Summer ball has started again, which is nothing new to Roger Parham, South Gwinnett's baseball coach. Parham has been going through the same summer routine since 1994, first as an assistant and now as the head coach.
But what has changed is that Parham's right-hand man is no longer there. For the first time in more than a decade, Parham is coaching the Comets without Todd Benton, who for 11 years was a loyal assistant but more importantly is one of Parham's best friends.
A former South standout like Parham, Benton has lived and breathed Comets baseball most of his life. Which made the 33-year-old's decision to get out of coaching all the more grueling.

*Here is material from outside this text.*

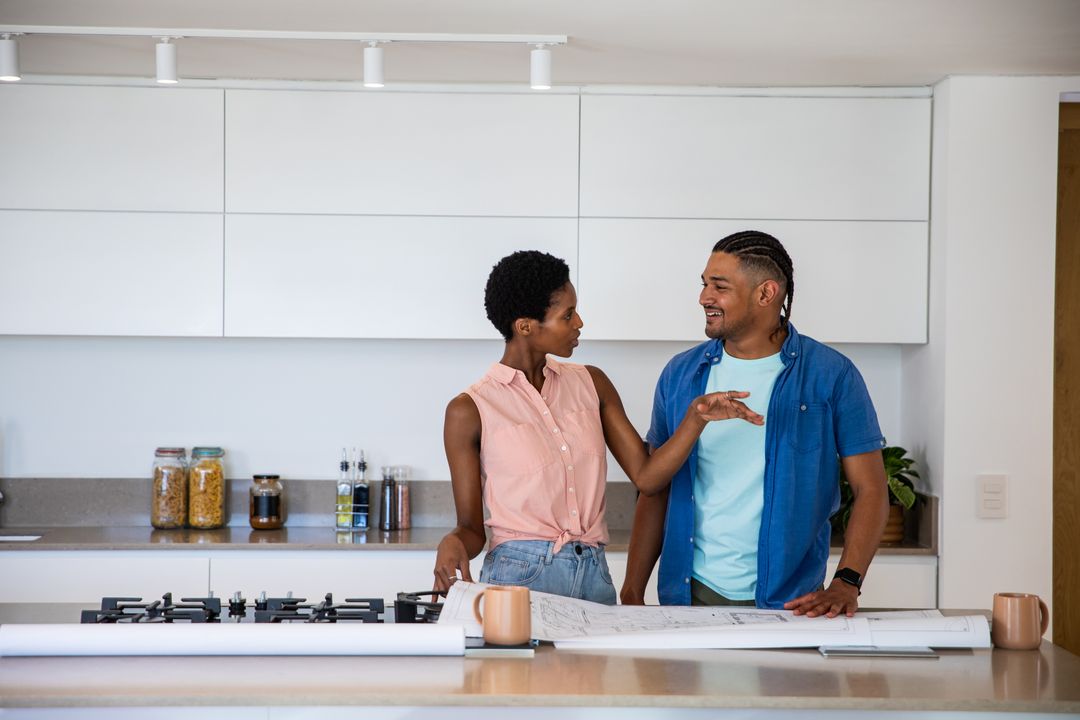 Multicultural Couple Discussing Home Blueprints in Modern Kitchen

Benton, a 1990 South grad, decided to step down from coaching so he could spend more time with his wife, Jennifer, with the goal of starting a family. He is continuing as a teacher at the school, teaching economics and government, but he'll no longer be in the dugout with Parham, the coaching staff and all the kids.
It was a difficult decision, but one Benton felt he had to make. One that disproved the notion that there's no crying in baseball.
"I'll tell you the truth," Benton said. "I haven't cried in five or six years but I've had three or four good ones (over this decision). It's easy to tell adults, but it's really tough to tell the kids.
"It's hard when it's been part of your life since you were little. I've been part of the South Gwinnett Association since 1978. It's going to be tough (not being in the dugout). It's easy now, but it's not February yet."
It's going to be tough for Parham, too. There are plenty of good baseball guys out there, but it's hard to replicate a relationship that began when both he and Benton coached under South legend John Sawyer and continued when Parham was promoted to head coach.
Benton knows Parham so well that to call him an assistant didn't do him justice.
"Probably the biggest (change) is I've never been out here without him," Parham said. "It's just going to be different. He could almost tell me what I was thinking before I said it.
"I'll miss him dearly. That friendship is going to be missed."
But Parham will have a team to coach, new assistants to bond with. For the first time since before he started in the youth leagues, Benton will not.
And that will take some getting used to, just like sitting in the stands. Which he plans to do.
"It's a part of my life," Benton said of South baseball. "And it always will be."